Court rejects RIAA's 'making available' piracy argument

by Steven Musil
  • Post a comment

The recording industry's music piracy fight was dealt a setback Tuesday when a federal judge rejected the RIAA's "making available" argument in a lawsuit against a husband and wife accused of copyright infringement.

In Atlantic v. Howell, Judge Neil V. Wake denied the labels' motion for summary judgment in a 17-page decision (PDF), allowing the suit to proceed to trial. The argument--that merely the act of making music files available for download constituted copyright infringement--has been the basis for the Recording Industry Association of America's legal battle against online music piracy.

The RIAA sued husband and wife Pamela and Jeffrey Howell for copyright infringement in 2006, claiming the couple had used Kazaa to make copyrighted files available for download. In a deposition, Jeffrey Howell admitted loading the file-sharing software onto his computer and that the songs listed in the complaint were for personal use but that he had not placed the files in the program's shared folder. He said that the recordings were copies made from CDs he owned placed on the computer for personal use and not copies downloaded from Kazaa.

He also argued that that he was not the one sharing the files, but that it was the computer that was sharing the files.

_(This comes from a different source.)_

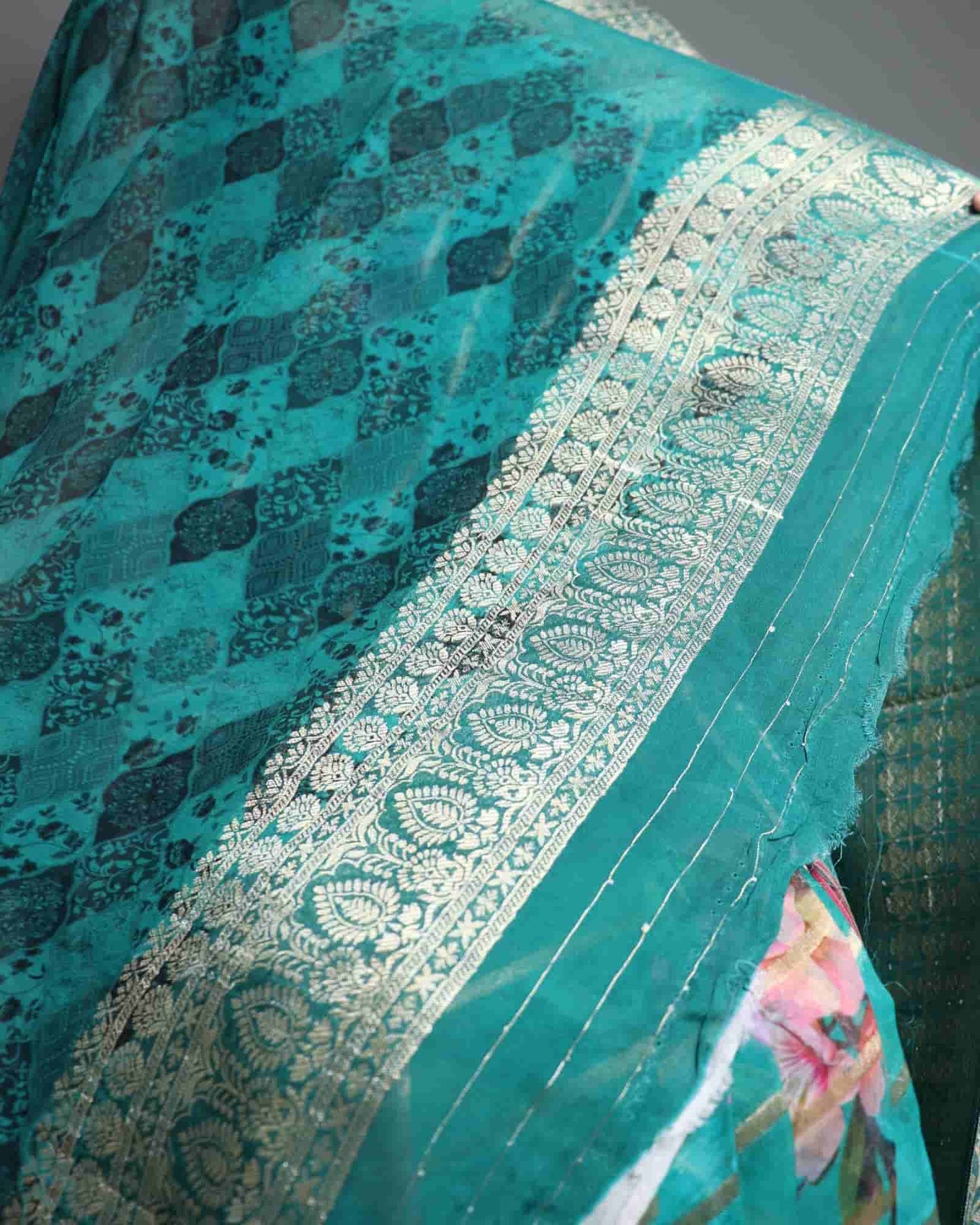 Green Georgette Banarasi Striped & Floral Saree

While the couple lacks legal representation, the Electronic Frontier Foundation said it filed an amicus brief on behalf of the couple (PDF). The EFF argued against the RIAA's "making available" position, saying in a statement that it "amounts to suing someone for attempted distribution, something the Copyright Act has never recognized."

Judge Wake apparently agreed with that position.

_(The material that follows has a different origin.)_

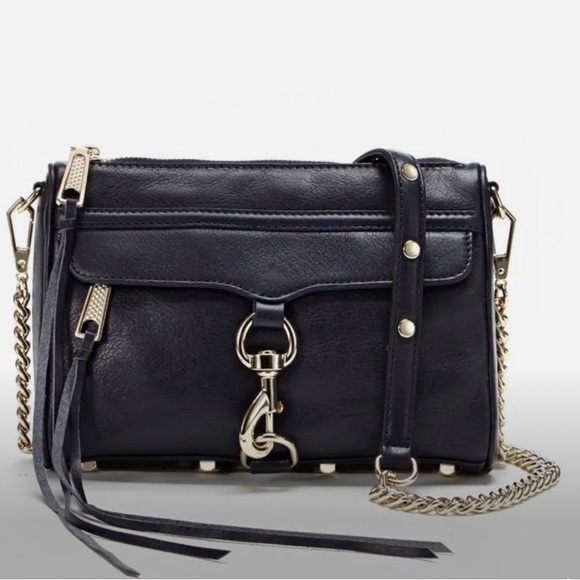 Rebecca Minkoff Mini Mac Clutch in Black with Gold hardware and duster bag - Picture 1 of 7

"The court agrees with the great weight of authority that section 106(3) is not violated unless the defendant has actually distributed an unauthorized copy of the work to a member of the public," wrote the judge in his order. "Merely making an unauthorized copy of a copyrighted work available to the public does not violate a copyright holder's exclusive right of distribution."

EFF staff attorney Fred von Lohmann called the order the "most decisive rejection yet of the recording industry's 'making available' theory of infringement."

The order is a bit of an oddity in that it's a reversal of an order Wake issued in August, in which he granted the RIAA's summary judgment and fined the Howells $40,850 in penalties and court costs. However, the Howells appealed and the judgment was later vacated.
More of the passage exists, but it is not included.